View file src/colab/simple_autoencoder

View file src/colab/simple_autoencoder_conv.py - Download

# -*- coding: utf-8 -*-
"""simple_autoencoder_conv.ipynb

Automatically generated by Colaboratory.

Original file is located at
    https://colab.research.google.com/drive/1tXwRSKN6ISEJUFh3AuZ9GJC9yEaQRTd5

This notebook is inspired by the following notebook :

https://colab.research.google.com/github/smartgeometry-ucl/dl4g/blob/master/variational_autoencoder.ipynb

Simple Autoencoder with Convolution
======
"""

# Commented out IPython magic to ensure Python compatibility.
# install pytorch (http://pytorch.org/) if run from Google Colaboratory
import sys
if 'google.colab' in sys.modules and 'torch' not in sys.modules:
    from os.path import exists
    # from wheel.pep425tags import get_abbr_impl, get_impl_ver, get_abi_tag
    # platform = '{}{}-{}'.format(get_abbr_impl(), get_impl_ver(), get_abi_tag())
    cuda_output = !ldconfig -p|grep cudart.so|sed -e 's/.*\.\([0-9]*\)\.\([0-9]*\)$/cu\1\2/'
    accelerator = cuda_output[0] if exists('/dev/nvidia0') else 'cpu'

    #!pip3 install https://download.pytorch.org/whl/{accelerator}/torch-1.1.0-{platform}-linux_x86_64.whl
    #!pip3 install https://download.pytorch.org/whl/{accelerator}/torchvision-0.3.0-{platform}-linux_x86_64.whl

# %matplotlib inline
import os

import torch
import torch.nn as nn
import torch.nn.functional as F

"""Parameter Settings
-------------------

"""

# 2-d latent space, parameter count in same order of magnitude
# as in the original VAE paper (VAE paper has about 3x as many)
latent_dims = 2
num_epochs = 20
batch_size = 128
capacity = 64
learning_rate = 1e-3
use_gpu = True

# # 10-d latent space, for comparison with non-variational auto-encoder
# latent_dims = 10
# num_epochs = 100
# batch_size = 128
# capacity = 64
# learning_rate = 1e-3
# use_gpu = True

"""MNIST Data Loading
-------------------

MNIST images show digits from 0-9 in 28x28 grayscale images. We do not center them at 0, because we will be using a binary cross-entropy loss that treats pixel values as probabilities in [0,1]. We create both a training set and a test set.
"""

import torchvision.transforms as transforms
from torch.utils.data import DataLoader
from torchvision.datasets import MNIST

img_transform = transforms.Compose([
    transforms.ToTensor()
])

train_dataset = MNIST(root='./data/MNIST', download=True, train=True, transform=img_transform)
train_dataloader = DataLoader(train_dataset, batch_size=batch_size, shuffle=True)
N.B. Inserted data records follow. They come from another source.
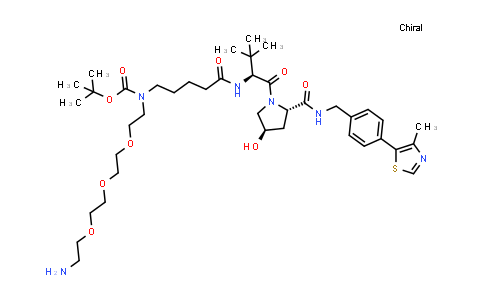 CAS No. 2415732-93-1, tert-butyl N-[2-[2-[2-(2-aminoethoxy)ethoxy]ethoxy]ethyl]-N-[5-[[(1S)-1-[(2S,4R)-4-hydroxy-2-[[4-(4-methylthiazol-5-yl)phenyl]methylcarbamoyl]pyrrolidine-1-carbonyl]-2,2-dimethyl-propyl]amino]-5-oxo-pentyl]carbamate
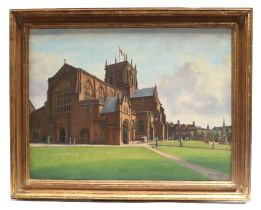 Julian Barrow (1939-2013) - Sherborne Abbey Dorset - oil on canvas, signed & dated '99 lower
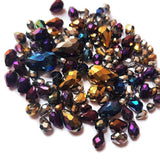 50 Grams Pkg. Faceted Oval Shapes Mix Metallic Crystal Beads, Size encluded as 5x7mm, 8x12mm, 10x15mm and some 3x5mm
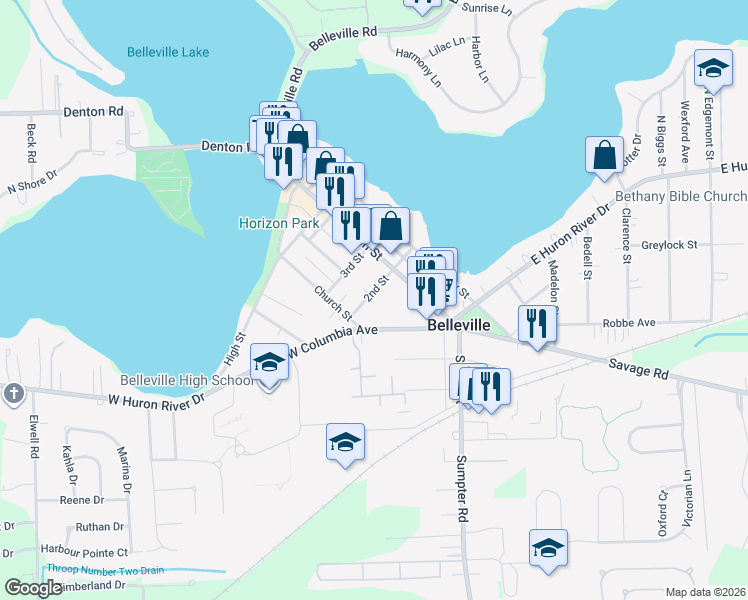 map of restaurants, bars, coffee shops, grocery stores, and more near 175 2nd Street in Belleville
test_dataset = MNIST(root='./data/MNIST', download=True, train=False, transform=img_transform)
test_dataloader = DataLoader(test_dataset, batch_size=batch_size, shuffle=True)

"""Autoencoder Definition
-----------------------
We use a convolutional encoder and decoder, which generally gives better performance than fully connected versions that have the same number of parameters.
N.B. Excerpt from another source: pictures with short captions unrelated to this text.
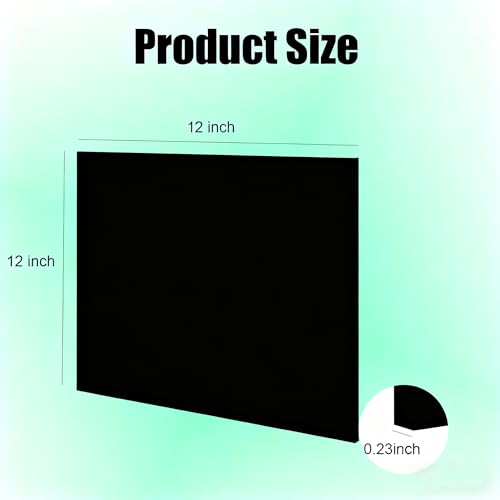 Image of HDPE Sheet 1 /4-2PCS 12 inch x 12 inch High Density Polyethylene Sheets with Protective Film 1 /4 Thick HDPE Plastic Sheet Board Solid Plastic Block for Flat Panel DIY Projects Machining Home (Black)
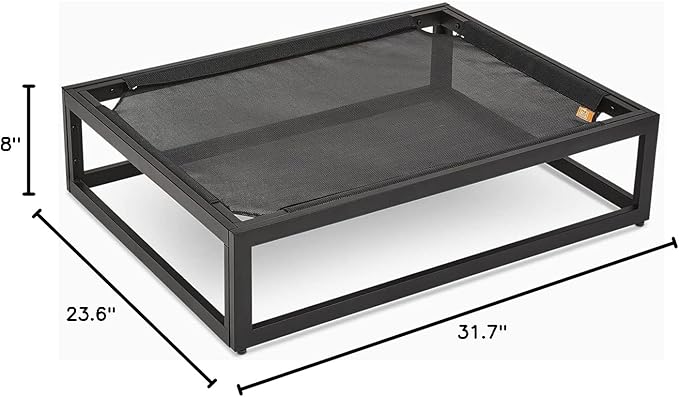 FUZI Luxury Up Pup Elevated Dog Bed, Premium Indoor & Outdoor Raised Pet Bed, Chew-Proof & Durable, Breathable Design for Comfort & Support, Dog Cot Medium 32x24x8 Black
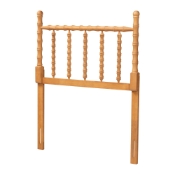 Baxton Studio Edaline Bamboo Motif Headboard - Crafted Wood Panel with Decorative Turned Spindle Design for Boho Costal Bedroom, Twin, Oak Brown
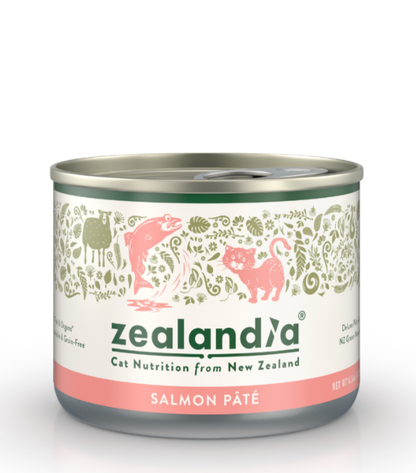 Zealandia Salmon Pate wet cat food can front view with New Zealand salmon recipe packaging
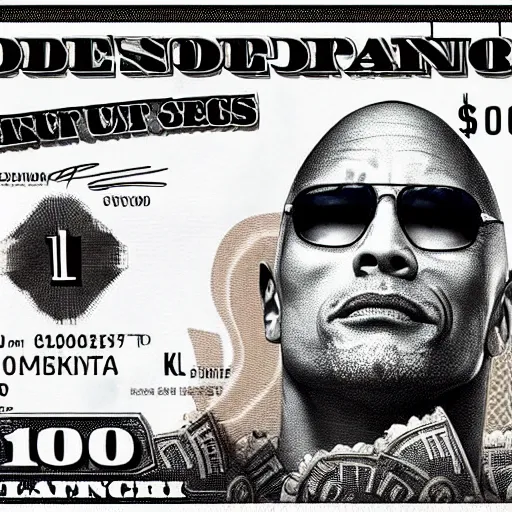 Image similar to dwayne johnson on a $ 1 0 0 bill 4 k detailed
In convolution layers, we increase the channels as we approach the bottleneck, but note that the total number of features still decreases, since the channels increase by a factor of 2 in each convolution, but the spatial size decreases by a factor of 4.
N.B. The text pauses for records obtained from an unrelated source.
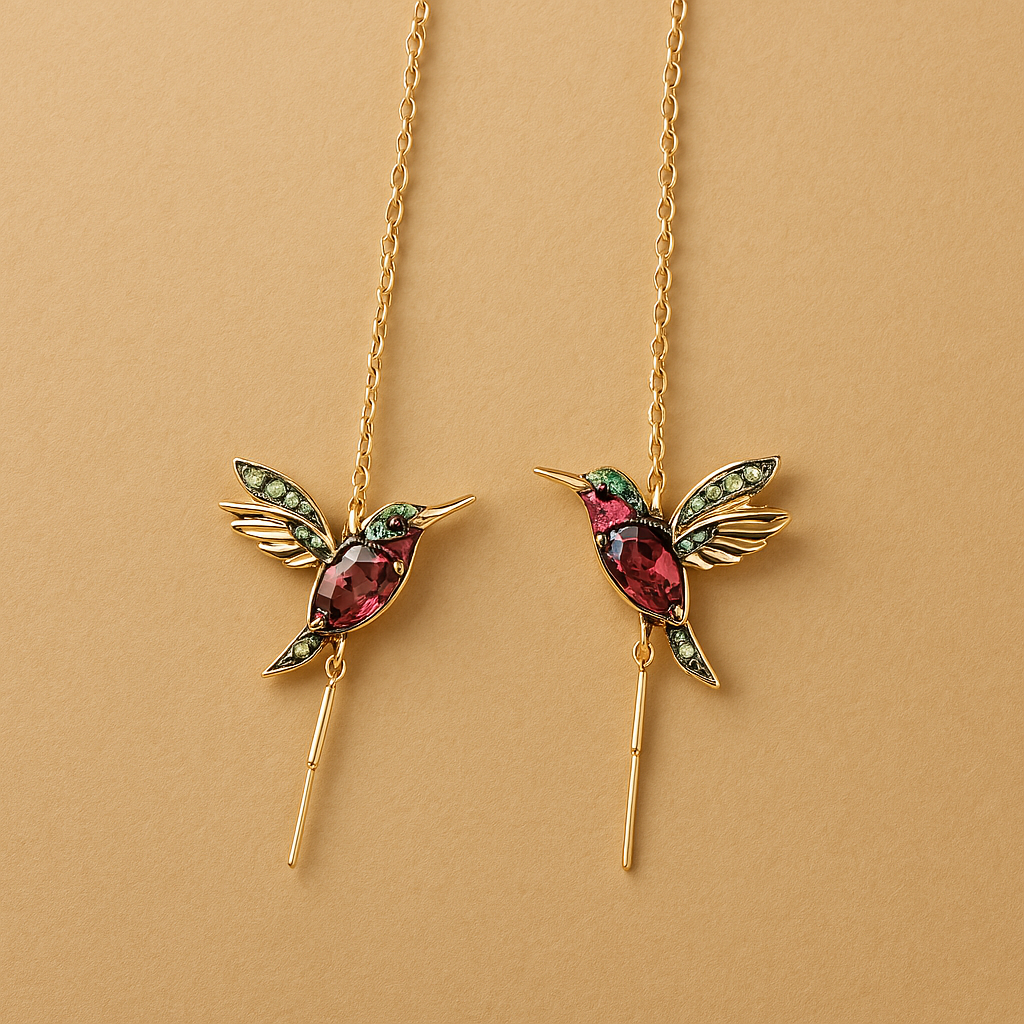 Brincos com Colibri em Esmalte e Zircónias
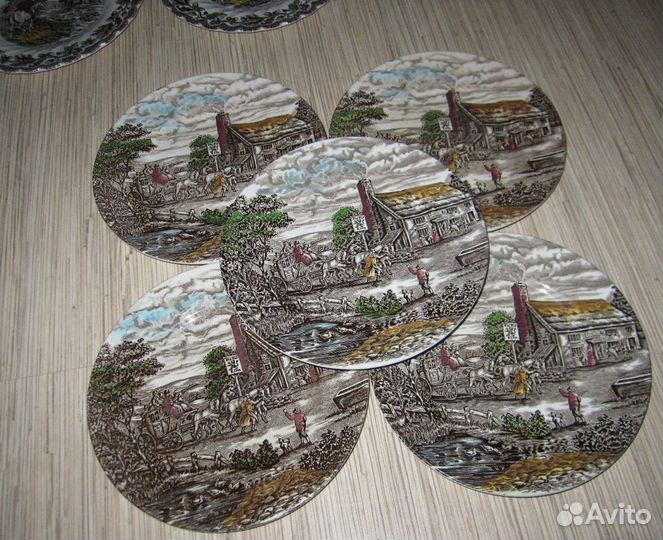 Тарелка коллекционная английская охота. Фарфор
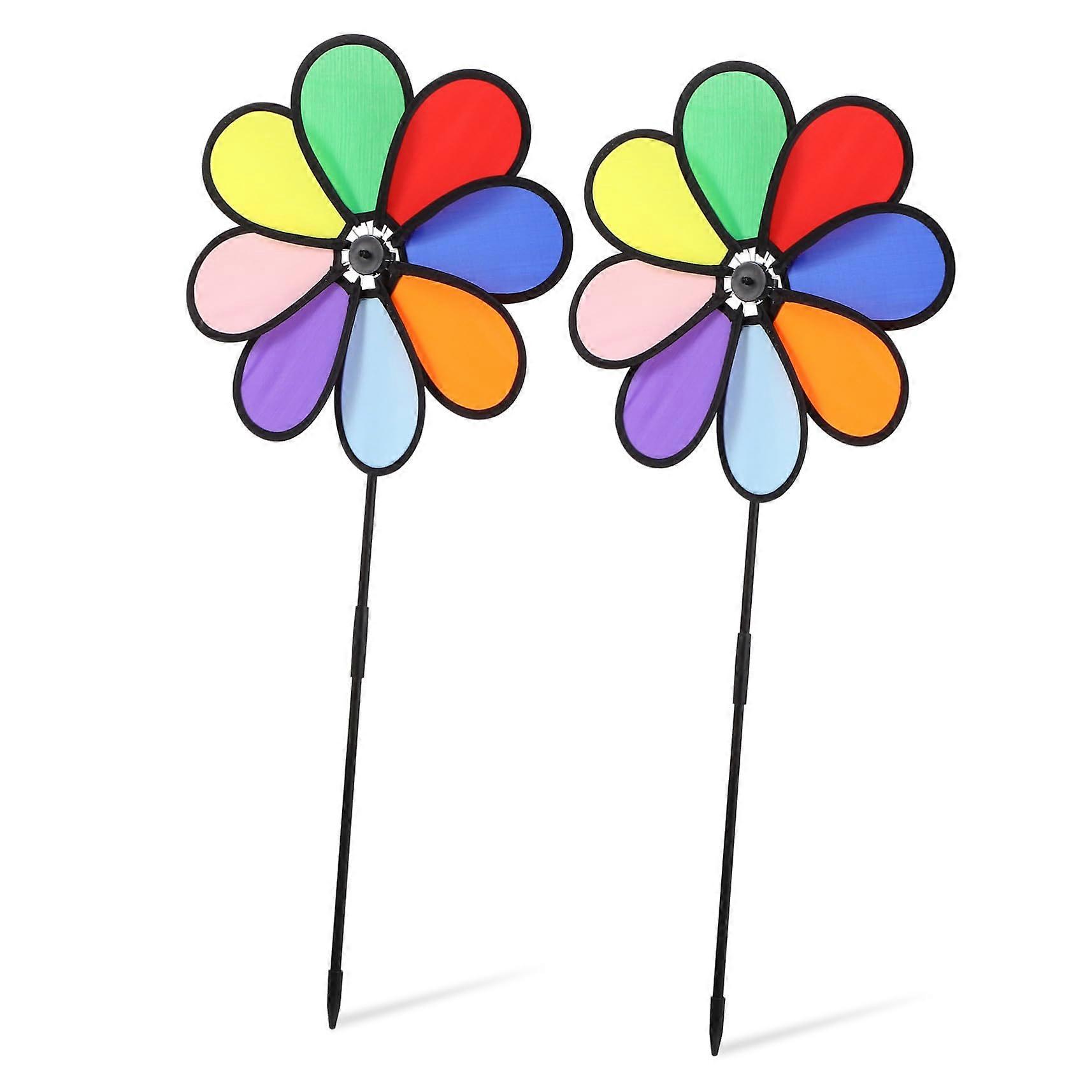 2Pcs Colorful Flower Garden Wind Spinner with Vibrant Rainbow Design, Automatic Rotation for Yard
Kernel size 4 is used to avoid biasing problems described here: https://distill.pub/2016/deconv-checkerboard/
"""

class Encoder(nn.Module):
    def __init__(self):
        super(Encoder, self).__init__()
        c = capacity
        self.conv1 = nn.Conv2d(in_channels=1, out_channels=c, kernel_size=4, stride=2, padding=1) # out: c x 14 x 14
        self.conv2 = nn.Conv2d(in_channels=c, out_channels=c*2, kernel_size=4, stride=2, padding=1) # out: c x 7 x 7
        self.fc_mu = nn.Linear(in_features=c*2*7*7, out_features=latent_dims)

    def forward(self, x):
        x = F.relu(self.conv1(x))
        x = F.relu(self.conv2(x))
        x = x.view(x.size(0), -1) # flatten batch of multi-channel feature maps to a batch of feature vectors
        x_mu = self.fc_mu(x)
        return x_mu #, x_logvar

class Decoder(nn.Module):
    def __init__(self):
        super(Decoder, self).__init__()
        c = capacity
        self.fc = nn.Linear(in_features=latent_dims, out_features=c*2*7*7)
        self.conv2 = nn.ConvTranspose2d(in_channels=c*2, out_channels=c, kernel_size=4, stride=2, padding=1)
        self.conv1 = nn.ConvTranspose2d(in_channels=c, out_channels=1, kernel_size=4, stride=2, padding=1)

    def forward(self, x):
        x = self.fc(x)
        x = x.view(x.size(0), capacity*2, 7, 7) # unflatten batch of feature vectors to a batch of multi-channel feature maps
        x = F.relu(self.conv2(x))
        x = torch.sigmoid(self.conv1(x)) # last layer before output is sigmoid, since we are using BCE as reconstruction loss
        return x

class Autoencoder(nn.Module):
    def __init__(self):
        super(Autoencoder, self).__init__()
        self.encoder = Encoder()
        self.decoder = Decoder()

    def forward(self, x):
        latent = self.encoder(x)
        x_recon = self.decoder(latent)
        return x_recon, latent

def ae_loss(recon_x, x, mu):
    recon_loss = F.binary_cross_entropy(recon_x.view(-1, 784), x.view(-1, 784), reduction='sum')
    return recon_loss

ae = Autoencoder()

device = torch.device("cuda:0" if use_gpu and torch.cuda.is_available() else "cpu")
ae = ae.to(device)

num_params = sum(p.numel() for p in ae.parameters() if p.requires_grad)
print('Number of parameters: %d' % num_params)

"""Train autoencoder
--------
"""

optimizer = torch.optim.Adam(params=ae.parameters(), lr=learning_rate, weight_decay=1e-5)

# set to training mode
ae.train()

train_loss_avg = []

print('Training ...')
for epoch in range(num_epochs):
    train_loss_avg.append(0)
    num_batches = 0

    for image_batch, _ in train_dataloader:

        image_batch = image_batch.to(device)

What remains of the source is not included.